The UCL Cancer Institute is dedicated to consolidate cancer research at UCL and to promote links with our partner teaching hospitals, in order to support excellence in basic and translational cancer studies. The Institute draws together talented scientists working together to translate research discoveries into developing better, more effective therapies for cancer patients. It holds Cancer Research UK and Experimental Cancer Medicine Centre of excellence status, housing approximately 580 staff, including 80 PhD and MD (Res) students. Research is supported through state-of-the-art platform facilities including the Genomics Facility supporting next generation sequencing, including single cell resolved technologies; a dedicated bioinformatics unit; the Proteomics Facility, Imaging and Cell Sorting (supporting automated, confocal and time-lapsed microscopy, MoFlo and Flow Cytometrie); the Pathology Suite (supporting laser capture microdissection, tissue arrays and immune-histology services), the Experimental Imaging unit and Transgenesis services. https://www.ucl.ac.uk/cancer. 

The UCL Centre for Biomaterials in Surgical Reconstruction and Regeneration is internationally renowned for the development of innovative materials and its expertise in the engineering of synthetic tissues/organs. The centre has state-of-the-art facilities including a polymer chemistry laboratory and biomanufacturing laboratory equipped with custom-made 3D bioprinters, and a wide range of physico-chemical testing and characterization equipment housed within a GMP/GLP environment. https://www.ucl.ac.uk/surgery/research/research-department-surgical-biotechnology/centre-biomaterials-surgical-reconstruction-and

For instructions on how to apply please go to the following link:

https://www.ucl.ac.uk/cancer/study/postgraduate-research/phd-studentship-developing-patient-near-organotypic-models-human

To apply you must submit three documents. 

Your full CV including: The names and contact details of two referees (at least one of which must be an academic reference from your previous educational institution). You must contact your referees and ask them to submit their reference to [Email Address Removed] by 31 March 2021 from verifiable academic or professional email. And a short summary (<500 words) detailing how your experience and ability matches the project and the person specification. 

A single PDF file containing scans of your award certificate and transcripts showing your unit/module marks for all of your degrees, undergraduate and postgraduate. If any of your original documents are not in English you must submit an official English translation with them. 
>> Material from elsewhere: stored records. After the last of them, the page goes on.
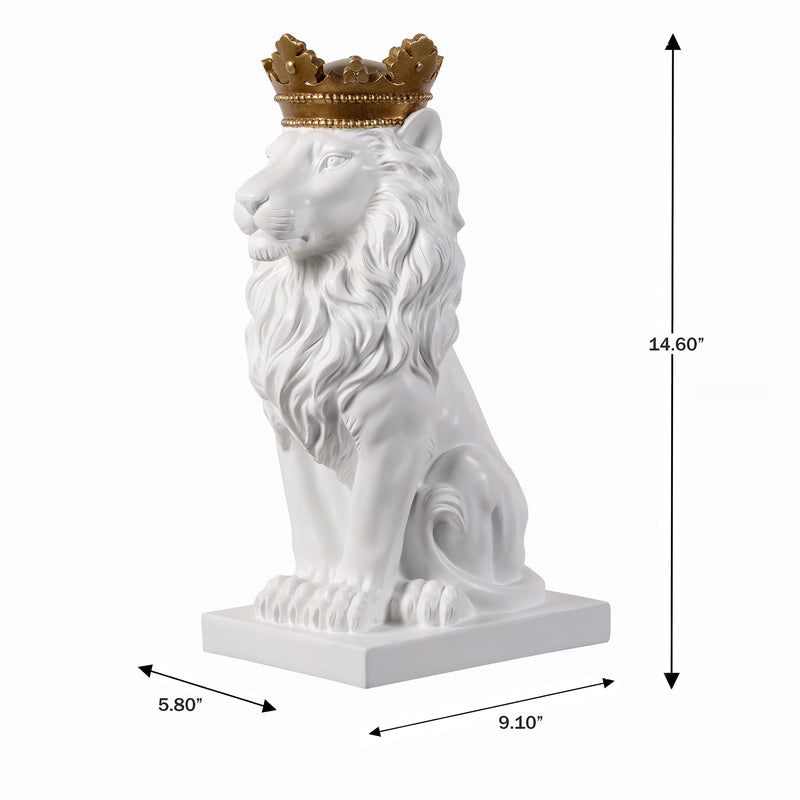 53007-WT - 14.5" H White Sitting Lion W/ Gold Crown Resin Statue Home Decor Living Room Display Hi-Line Gift Ltd.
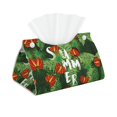 Tissue Box Cover, Palm Leaves And Tropical Flowers Rectangular Leather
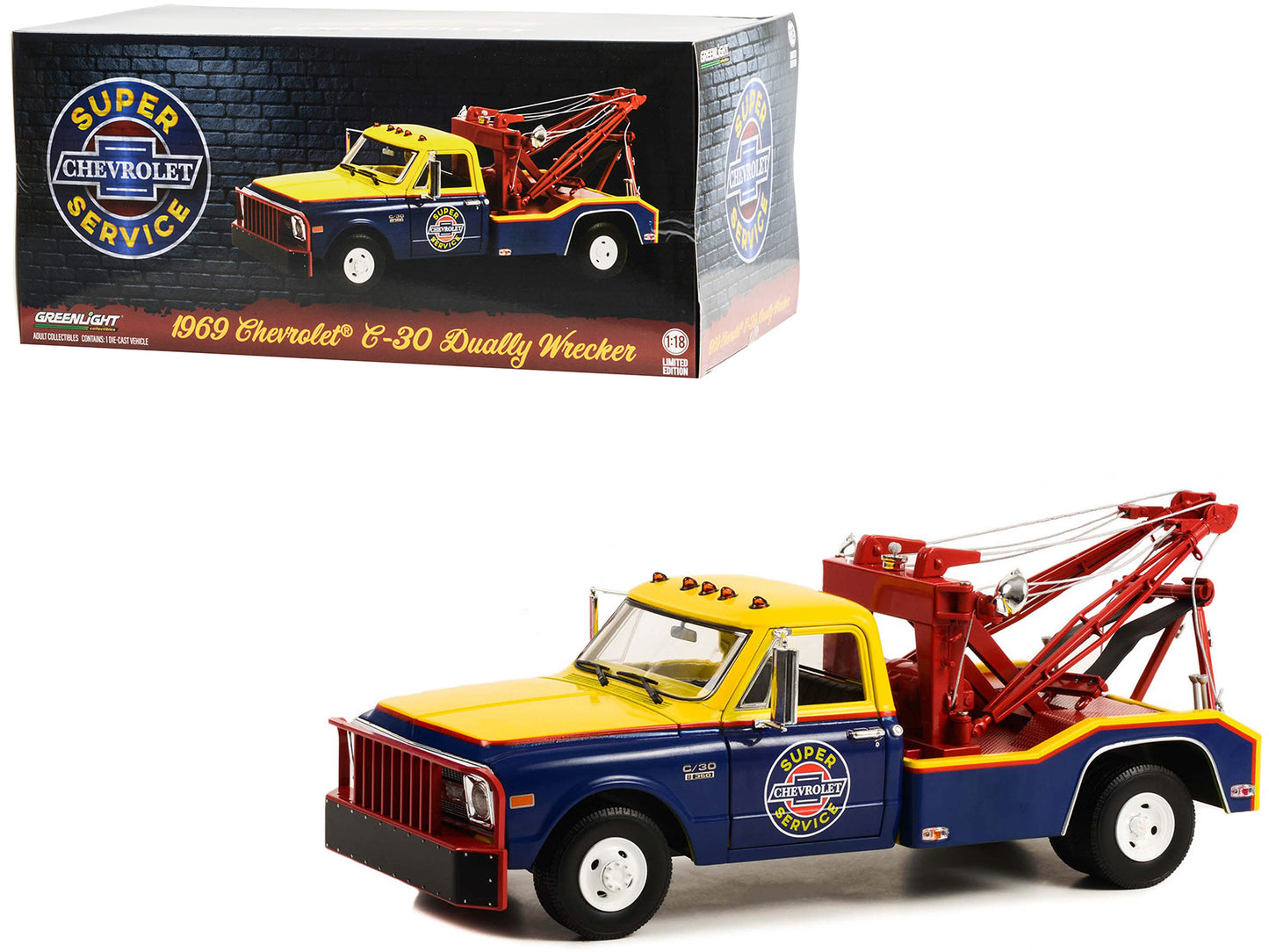 Greenlight 1969 Chevrolet C-30 Dually Wrecker Tow Truck "Chevrolet Super Service" Yellow and Blue 1/18 Diecast Car Model by Greenlight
An equal opportunities monitoring form available from the link above. This form will be separated from your application before it is forwarded to shortlisters. By submitting this form you are giving us consent to use the data contained for quality and monitoring purposes. Data will be anonymised. . 

These three documents should then be emailed to [Email Address Removed]. by 17:00 (GMT) Thursday 25 March 2021. Please write 'Mittnacht 21-01' in the subject line of the email.